Die Bundeswehr führt heute keine Befreiungskriege in Afghanistan, vielmehr tritt sie im Bündnis mit der NATO das Völkerrecht mit Füßen. Doch das Gefühl, das der York-Marsch in völkerrechtswidrigen Kriegen vermitteln soll, ist das des Gleichschritts für eine Befreiung, die keine ist. Beethovens Gefühl wird auf den Kopf gestellt. Es wird Mittel zum Zweck der Manipulation von Menschen, die glauben sollen, wer Beethoven spiele, der könne nicht lügen. Mit der Beethoven-Oper „Fidelio“ kann dieser Zweck nicht so recht gelingen. Deshalb wurde sie von den deutschen Faschisten als „undeutsch“ verboten, spiegelt sie doch das Gefühl unterdrückter Menschen nach Befreiung von Diktatoren und deren Erniedrigungen wider. Beethovens Musik verstehen daher alle Menschen dieser Erde, die sich und das Leben in den Gesellschaften dieser Erde kultivieren wollen. Wer das zu verhindern sucht, der verbietet und sanktioniert sie. In der chinesischen „Kulturrevolution“ von 1966 war Beethoven verboten, er galt als bourgois. „So steht Musik insgesamt an den Grenzen der Menschheit, aber an jenen, wo die Menschheit, mit neuer Sprache und der Ruf-Aura um getroffene Intensität, erlangte Wir-Welt, sich erst bildet. Und gerade die Ordnung im musikalischen Ausdruck meint ein Haus, ja einen Kristall, aber aus künftiger Freiheit, einen Stern, aber als neue Erde.“ Beethoven schuf solche Kristalle für eine künftige Freiheit der Menschen.

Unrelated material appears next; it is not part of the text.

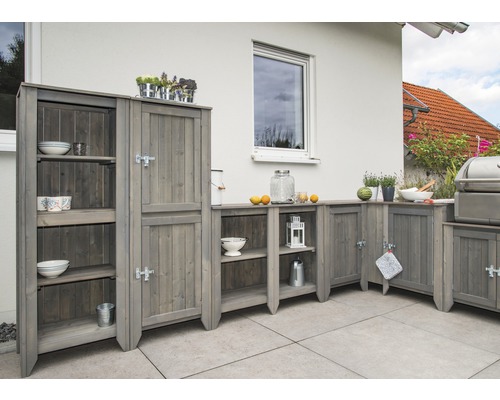 Grått trädgårdskök i trä med skåp och hyllor på en terrass.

Als 1949 der Bürgerkrieg in China zu Ende ging, wurde im Radio eine Aufführung der 9. Symphonie übertragen. Auf dem Tian’anmen Platz wurde Beethoven 1989 bei den Studentenprotesten wichtiger emotionaler Begleiter. Premierminister Li Peng forderte die Demonstranten über Lautsprecher zur Aufgabe des Protestes auf. Studenten aber installierten mit Autobatterien eine provisorische Audioanlage. Als am 19. Mai das Kriegsrecht verhängt wurde und zahlreiche Studenten in den Hungerstreik traten, erklang aus den Lautsprechern die „Ode an die Freude“. „Für uns war die Neunte ein Symbol für Solidarität und Brüderlichkeit. Als wir mit dieser Musik und unseren Stimmen die Parolen der Regierung übertönten, gab sie mir ein Gefühl des Sieges“, erinnerte sich der Student Feng später. „Die Zeile ‚Alle Menschen werden Brüder‘ hat uns verändert und uns daran erinnert, dass wir um unsere Würde als Menschen kämpfen müssen.“

So wie es die großen Gefühle gibt, die das „Evokationsmedium“ Musik mit Komponisten der Klassik und großem Orchester in tätige Verbindung mit anderen gleich fühlenden Menschen auf der ganzen Welt herstellen kann, so gibt es auch die partikularen Gefühle die musikalisch werden können und sich zu diesem Zweck mit Sprache verbinden. Sehnsucht nach „Glücksgefühlen“ werden in diesen Songs widergespiegelt und erlangen nicht selten Anerkennung auf der ganzen Welt, weil jeder Mensch auf sein Glück durch einen anderen Menschen hofft. Ein Wunsch der immer seltener erfüllt wird. Aber ein Trostpflaster in einer Welt ist, die in Kriegen und Rassenhass zu entmenschlichen droht. Es sind dennoch wichtige Trostpflaster, die durchaus heilen können, indem sie das partikulare Sehnsuchtsgefühl nach Glück in einen Schritt hin zum sinnvollen Leben öffnen können.